SEI is the token of the Sei Network, a blockchain built for speed and trading. In India, the token is trading around ₹25–₹27 per coin in August 2025. If you are new to crypto, here is a simple guide to buying SEI in India.
Step 1: Choose an Exchange
The first step is to choose where you want to buy SEI. Exchanges are online marketplaces for cryptocurrencies. In India, platforms like CoinSwitch, Giottus, Flitpay, and Mudrex allow you to buy SEI directly using Indian rupees. These apps are easy to use and support UPI payments, which makes them convenient for beginners.
You can also use global exchanges like Binance or KuCoin. These platforms have more buyers and sellers, so trading is often faster and prices may be better. However, they usually require you to first buy a stablecoin like USDT with rupees and then exchange it for SEI. This adds an extra step compared to Indian apps.

Step 2: Create and Verify Your Account
Once you have selected an exchange, you need to create an account. You can sign up with your email address or mobile number. After creating your account, the exchange will ask you to complete KYC verification.

KYC means “Know Your Customer.” You will need to upload documents such as your PAN card, Aadhaar, or another government ID. This process is required in India before you can add money and start trading. Verification usually takes a few minutes to a few hours.
Step 3: Add Money to Your Account
After your account is ready, you must add funds. On Indian exchanges, this is simple.

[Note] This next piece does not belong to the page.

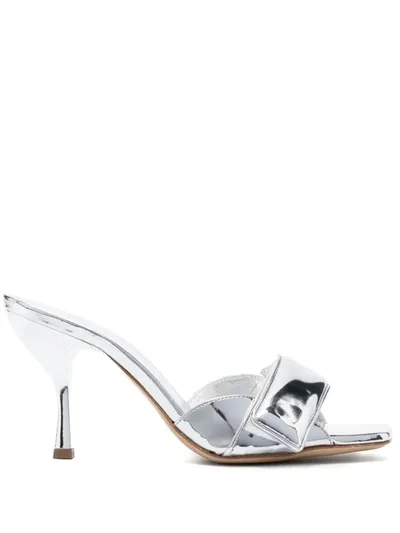 Gia Borghini Alodie 100mm Patent Leather Sandals In Silver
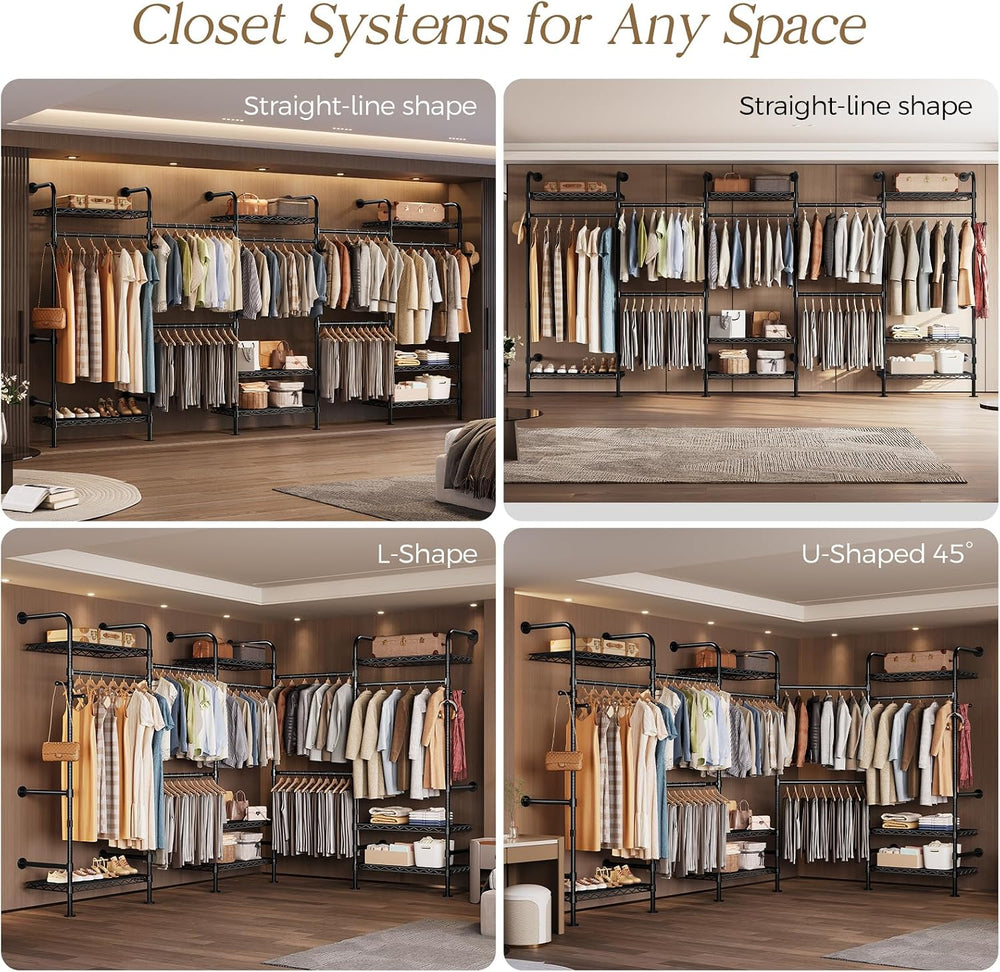 Wall Mounted Closet System, Heavy Duty 5-Row Clothes Rack, Expandable Industr...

You can use UPI, net banking, or a direct bank transfer to deposit rupees into your trading account. This makes the process quick and familiar.

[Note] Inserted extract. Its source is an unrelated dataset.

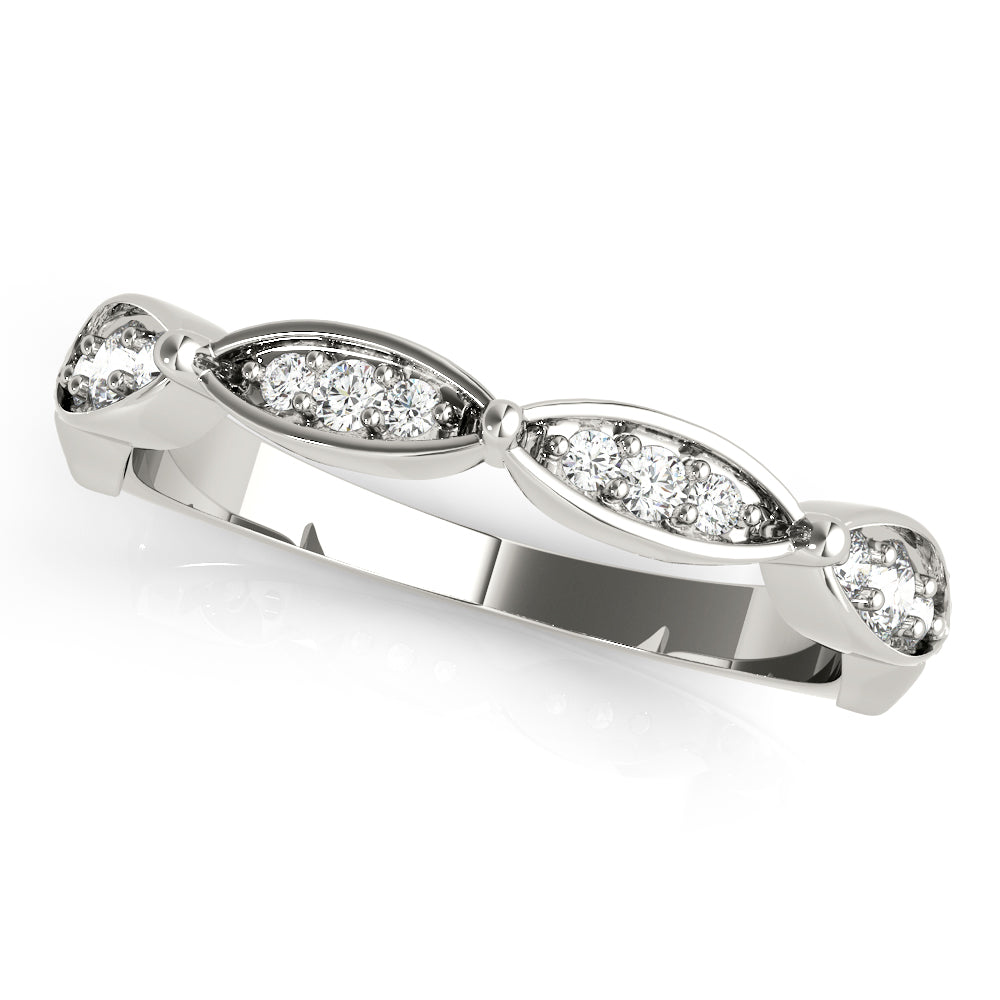 Scalloped Marquise Half Eternity Ring in Gold & Platinum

On global exchanges like Binance and KuCoin, the process is different. These platforms often use peer-to-peer (P2P) trading to help Indian users deposit money. In P2P, you pay another verified user through UPI, and the exchange releases the stablecoins (like USDT) into your account once the payment is confirmed. This method is safe if you follow the rules, but it requires a bit more care. Always trade only with verified merchants to avoid fraud.
Step 4: Buy SEI Network Crypto
Now you are ready to buy SEI. On Indian exchanges, you simply search for SEI in the app and select the SEI/INR pair. Enter the amount you want to buy in rupees, confirm the price, and place your order. The SEI tokens will appear in your account wallet after the transaction.
On global exchanges, the process has one extra step. After you have bought USDT through P2P, you go to the SEI to USDT trading pair. Enter the amount of USDT you want to convert into SEI, confirm the trade, and your SEI will be credited to your account wallet.
Step 5: Store Your SEI Safely
Once you have bought SEI network crypto, you need to decide where to store it. You can keep it in the wallet provided by the exchange, which is convenient for beginners. However, many users prefer to move their tokens to a private wallet for extra security. Popular wallets that support SEI include Keplr and Compass.
A private wallet gives you full control, but it also comes with responsibility. If you lose your private key or recovery phrase, you lose access to your SEI permanently. Always write down your recovery details and keep them safe.
Things to Keep in Mind When Buying SEI
Crypto trading in India is allowed but regulated. Profits from cryptocurrencies are taxed at 30%, and there is a 1% TDS on every transfer. This means you must keep a record of your buys and sells to report them correctly at tax time.
SEI’s price also moves quickly, like all cryptocurrencies. Always check the latest SEI price before buying. Compare the effective cost between Indian and global platforms, as fees and spreads may make one option cheaper than the other.
Buying SEI in India is simple once you know the steps. First, choose an exchange that supports SEI. Then, create and verify your account. Add money through UPI or P2P. Place your order and buy SEI. Finally, decide where you want to store it.
Indian exchanges make the process easier for beginners, while global exchanges offer more liquidity. Above all, choose the option that fits your comfort level, keep your tax duties in mind, and always store your tokens safely.